### [Saved entries]
◇ ◇ ◇ ◇ ◇ ◇ ◇

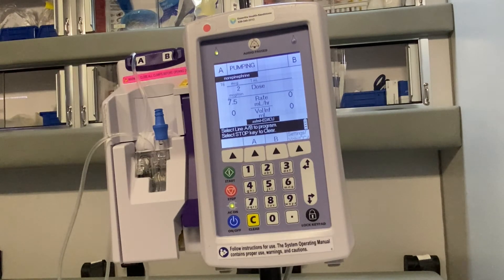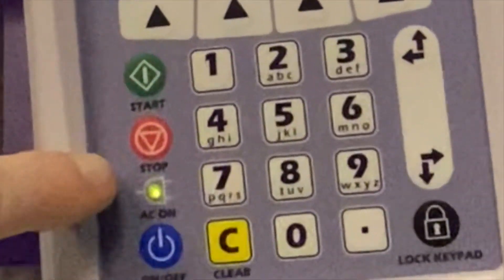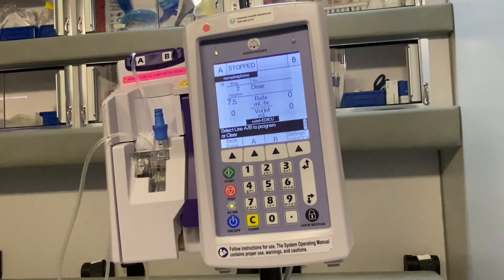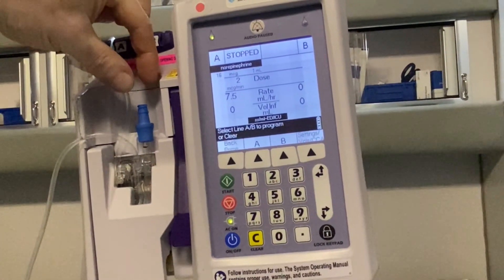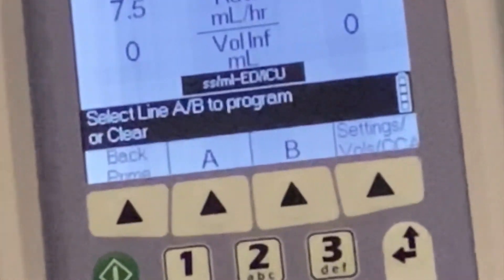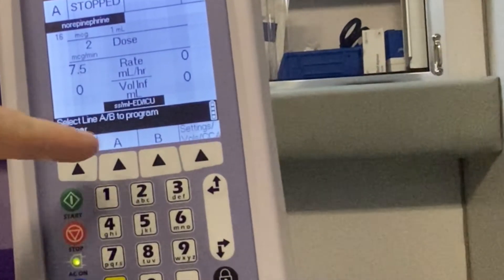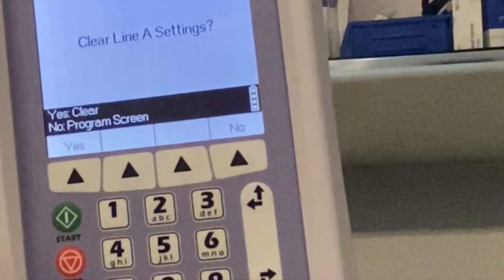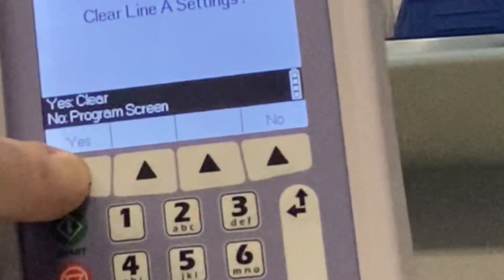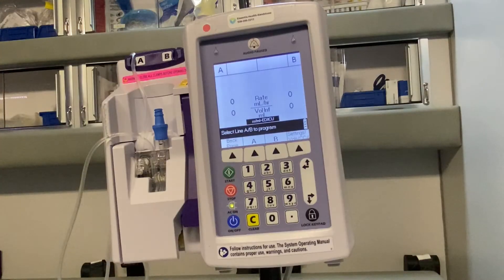To stop, we just hit the stop button. If there are air bubbles or something we want to back prime out of, we'll cleanse the port up here, put in a normal saline syringe, and then hit the back prime button. We can also clear line A if we choose. We can say program, yes, clear — and we can start all over again and adjust our drip or start a different drip.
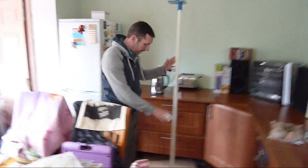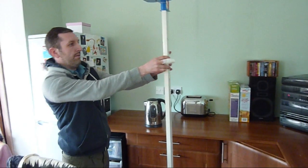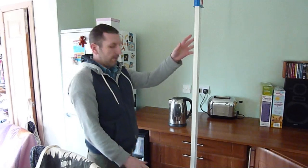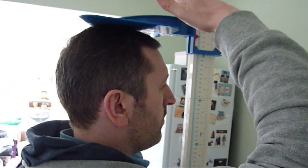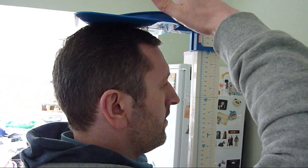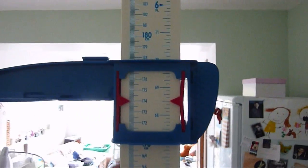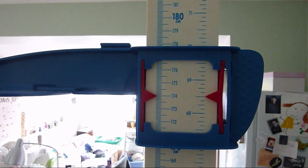So we've got the stadiometer. It's on a level surface and it looks quite straight, so it's not bent either way when we're measuring. The floor's quite straight. Same again — standing tall, looking straight ahead. Bring it down slowly so you can feel it touching the top of your head, and then just tap it down. And we'll find out that we are 174 on the nose.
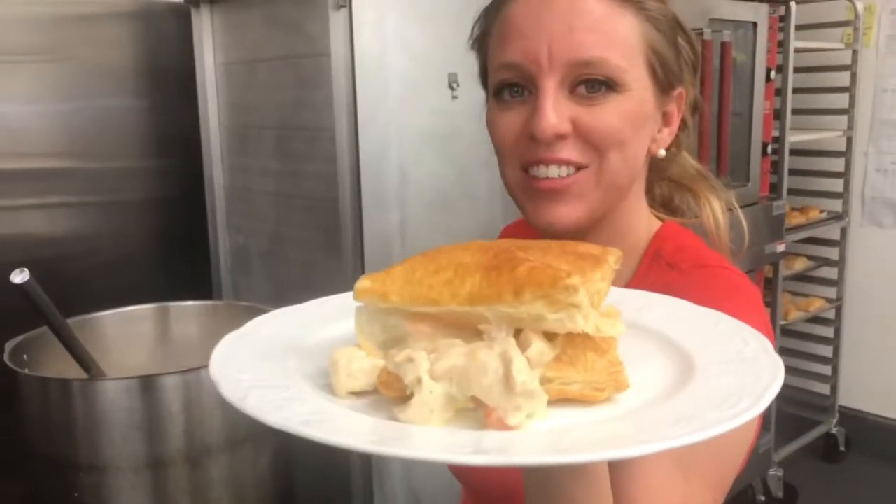Fresh and hot out the kitchen — chicken pot pie. Y'all come see us at Chef Kearns.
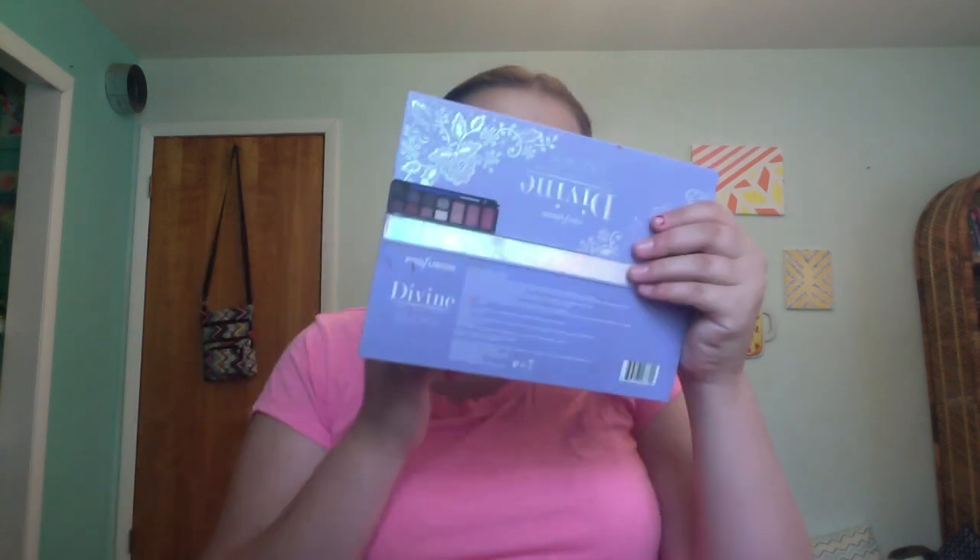Oh no, I got it on my lips — darn. Oh, this didn't turn out well. Okay, there, that's better. Now we are gonna finish off this look by putting some mascara on. It's the Mega Length mascara — I found out I actually do like this, I just have to use a smaller amount than I was.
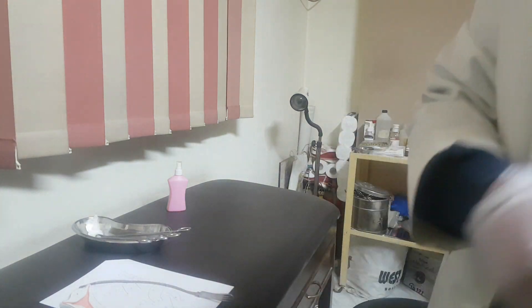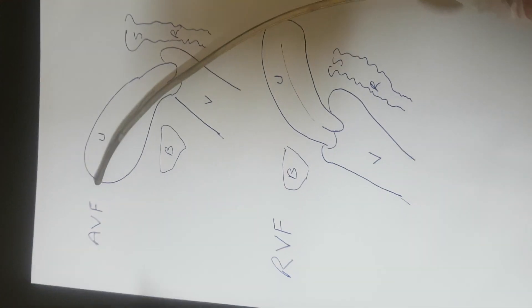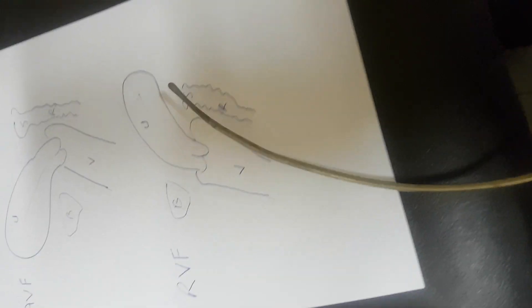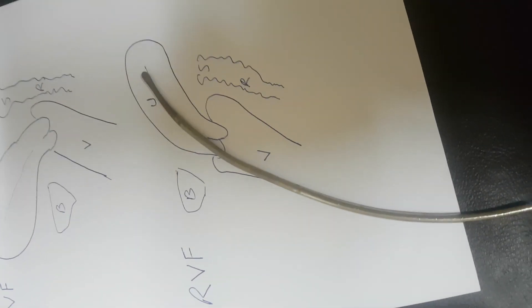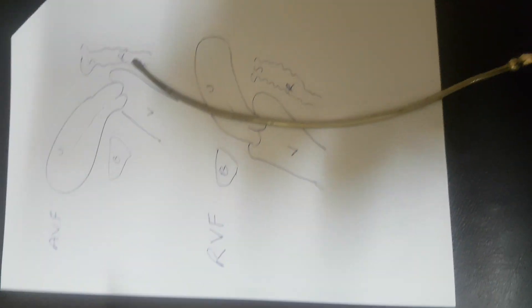So now we have finished our skill today. I hope it was good enough. Have a look from nearby — this is the AVF uterus, and this is the RVF uterus, and the sound should be directed like that. Have a nice day everybody.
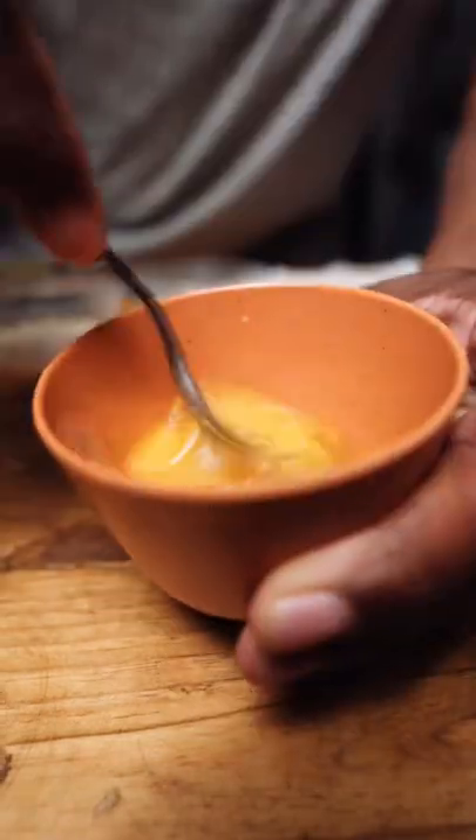Cut up everything you need. Make it look beautiful. Add the sauces into the chicken. Now it's time to cook everything separately.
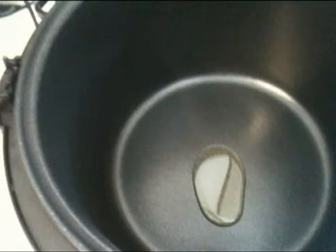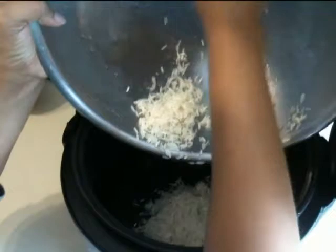Add one tablespoon of olive oil to the pan of your rice cooker so that the rice doesn't catch to the pan. Now put the rice in the rice cooker.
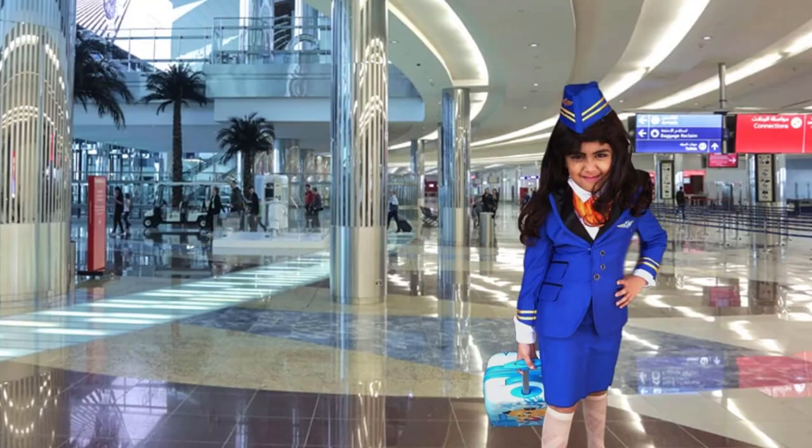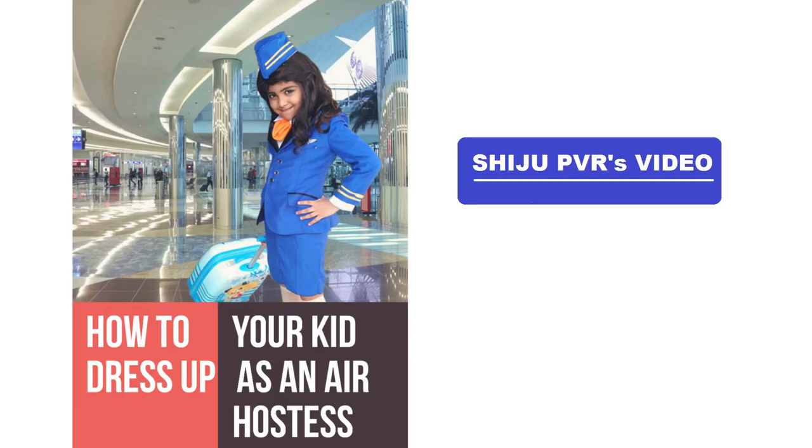Dressing up your kid as an air hostess can be tough, isn't it? But it doesn't have to be. In this video we're going to run through some ways how to dress up your kid as an air hostess.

◇ ◇ ◇ ◇ ◇ ◇ ◇

### [What needs to be done]
Drop the images, then copy the data exactly.

### [Task result]
To stop, we just hit the stop button. If there are air bubbles or something we want to back prime out of, we'll cleanse the port up here, put in a normal saline syringe, and then hit the back prime button. We can also clear line A if we choose. We can say program, yes, clear — and we can start all over again and adjust our drip or start a different drip.
So we've got the stadiometer. It's on a level surface and it looks quite straight, so it's not bent either way when we're measuring. The floor's quite straight. Same again — standing tall, looking straight ahead. Bring it down slowly so you can feel it touching the top of your head, and then just tap it down. And we'll find out that we are 174 on the nose.
Fresh and hot out the kitchen — chicken pot pie. Y'all come see us at Chef Kearns.
Oh no, I got it on my lips — darn. Oh, this didn't turn out well. Okay, there, that's better. Now we are gonna finish off this look by putting some mascara on. It's the Mega Length mascara — I found out I actually do like this, I just have to use a smaller amount than I was.
So now we have finished our skill today. I hope it was good enough. Have a look from nearby — this is the AVF uterus, and this is the RVF uterus, and the sound should be directed like that. Have a nice day everybody.
Cut up everything you need. Make it look beautiful. Add the sauces into the chicken. Now it's time to cook everything separately.
Add one tablespoon of olive oil to the pan of your rice cooker so that the rice doesn't catch to the pan. Now put the rice in the rice cooker.
Dressing up your kid as an air hostess can be tough, isn't it? But it doesn't have to be. In this video we're going to run through some ways how to dress up your kid as an air hostess.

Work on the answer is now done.